Я помню, как мы сидели под скалой во время кадетов.[12] В 1918 г. началась война.[13] Это было как раз на праздник Пасхи.[14] Поселок обстреливали с парохода [который стоял] у пристани.[15] Били не постоянно, а с перерывами. С пароходных пушек стреляли по хатам. В тот день мы пришли домой, а около нашего дома собралось много людей. Тогда далеко не эвакуировались, то есть [обычно уходили] в Осовины, Кут или Баксы.[16] А [в этот раз] все собрались и зашли под Быковскую скалу. Я спустилась под землю с отцом, матерью, братьями и сестрами. С нами были и другие семьи – всего семей 30. Хоть мы и сидели в скале, но за едой ходили в дом. Наверху пекли пышки и опять уходили в каменоломню. Быковская скала хорошая, от выхода мы сидели достаточно далеко, света видно не было. Потом приехали белые, которые заставляли наших мужчин идти служить в их армию. Наши молодые мужчины не хотели служить белым, поэтому они прятались, но только не с нами, а в другой дырке.[17] Сколько мы сидели в скале, я не помню. Знаю, что потом нас белым продала бабка, проживавшая недалеко от нас. Они спрашивали ее [о том], где сидят партизаны, бабка сказала, что знает, и получила за каждую голову спрятавшихся по 5 рублей. Бабка белых и привела к нам. А когда белые нас заставили выйти из-под скалы, то не знали, что с нами и делать. Вышли старики и дети. Мы все были грязные и закопченные, так как под землей освещали штольни коптилками. Мужчин с нами не было, кроме двух парней. Парней белые сильно били за то, что они не хотели идти в армию. Нас же потом отправили в богадельню. Богадельня находилась по дороге из города на завод,[18] в районе теперешнего Комсомольского парка. Там было большое одноэтажное здание. Вокруг здания была настелена солома, на которой мы спали. Из богадельни нас забрали чеченцы,[19] находившиеся на службе у белых, и привезли в крепость Еникале.[20] Было это летом, стояла высокая трава. Какое-то время мы жили вместе с чеченцами в крепости. Они нам давали еду и одежду.

До Великой Отечественной войны наш поселок выглядел по-другому. Было два поселка: нижний – Аджимушкай и верхний – Скала.[21] В нижнем поселке проживали греки, а в верхнем их не было. Место, где сейчас стоит памятник партизанам 1919 г., было заселено, там также проживали греки.
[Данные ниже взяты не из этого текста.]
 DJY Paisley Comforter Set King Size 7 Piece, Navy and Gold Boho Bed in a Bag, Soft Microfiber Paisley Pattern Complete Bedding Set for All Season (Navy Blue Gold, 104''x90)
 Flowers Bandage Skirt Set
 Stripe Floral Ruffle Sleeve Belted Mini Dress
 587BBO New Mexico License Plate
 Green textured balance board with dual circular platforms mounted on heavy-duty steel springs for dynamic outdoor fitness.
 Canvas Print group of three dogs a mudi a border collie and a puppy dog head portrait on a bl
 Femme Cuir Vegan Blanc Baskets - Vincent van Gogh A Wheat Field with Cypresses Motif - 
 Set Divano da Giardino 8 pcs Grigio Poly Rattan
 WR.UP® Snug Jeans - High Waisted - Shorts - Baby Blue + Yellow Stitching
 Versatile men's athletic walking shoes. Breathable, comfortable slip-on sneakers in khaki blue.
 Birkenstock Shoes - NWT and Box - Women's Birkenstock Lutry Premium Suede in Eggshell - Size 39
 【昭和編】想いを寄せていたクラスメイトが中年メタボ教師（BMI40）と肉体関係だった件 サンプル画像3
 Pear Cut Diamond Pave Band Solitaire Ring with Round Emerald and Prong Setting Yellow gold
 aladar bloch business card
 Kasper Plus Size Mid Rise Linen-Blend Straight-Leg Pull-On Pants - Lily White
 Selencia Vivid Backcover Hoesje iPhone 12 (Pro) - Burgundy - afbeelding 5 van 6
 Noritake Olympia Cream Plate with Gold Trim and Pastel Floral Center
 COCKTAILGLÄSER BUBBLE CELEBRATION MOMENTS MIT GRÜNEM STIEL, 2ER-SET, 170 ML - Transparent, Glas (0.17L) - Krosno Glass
Между поселками проводили войну камнями[22]. Жили то как: там хлопцы, тут хлопцы, там девки, тут девки. Что-то не поладили и начинали драться. Войну камнями проводили от крайнего дома верхнего Аджимушкая до самого города по дороге.

В Аджимушкае стояла хорошая красивая церковь.[23] Мы в нее еще детворой бегали. Дед моего мужа, Константин Чичеров, был богатым человеком. У него была известковая печь и свое судно. Он купил в церковь икону святого Герасима. Около церкви жил батюшка. Батюшка был полным, поэтому его дразнили «Качан». Имени его я не помню. Я не знаю, когда была построена церковь, а закрыли ее, когда в поселке власти стали раскулачивать богатых. При церкви служила «двадцатка»,[24] в которую входило много женщин, в том числе и моя мама. Чем занималаись эти женщины я не знаю. Однако помню, что последний поп входил в «двадцатку», а его причетники нет. Когда началось раскулачивание (а в поселке раскулачивали многих), поп разворовал убранство церкви. В «двадцатку» входили две женщины – Фрося (фамилию ее не помню) и Сеня Быкова. Поп был молодой и с ними гулял. Они ему помогали растаскивать имущество (в церкви были золотые лампадки). За то, что они разворовывали богатства церкви, их всех арестовали. Женщинам дали по десять лет. Всех членов «двадцатки» потом допрашивали по одному, спрашивали, что было в церкви и куда все делось. Это мне рассказала мама. Сеня Быкова здоровая баба была, десять лет отсидела и пришла, а батюшка в строгом[25] сидел. А потом церковь окончательно растащили. В Аджимушкае проживала одна закоперша[26] – Тарабунка, партийная баба (ее фамилия была Тарабунова, имени не помню). Она в церкви разбирала картины и иконы. Куда потом это вывозили, я не знаю. А Исаенко Яшка полез снимать колокол и упал. Бог его наказал – ему отрезали руку. Тарабунова погибла в начале войны, когда эвакуировалась на пароходе, в который попала бомба.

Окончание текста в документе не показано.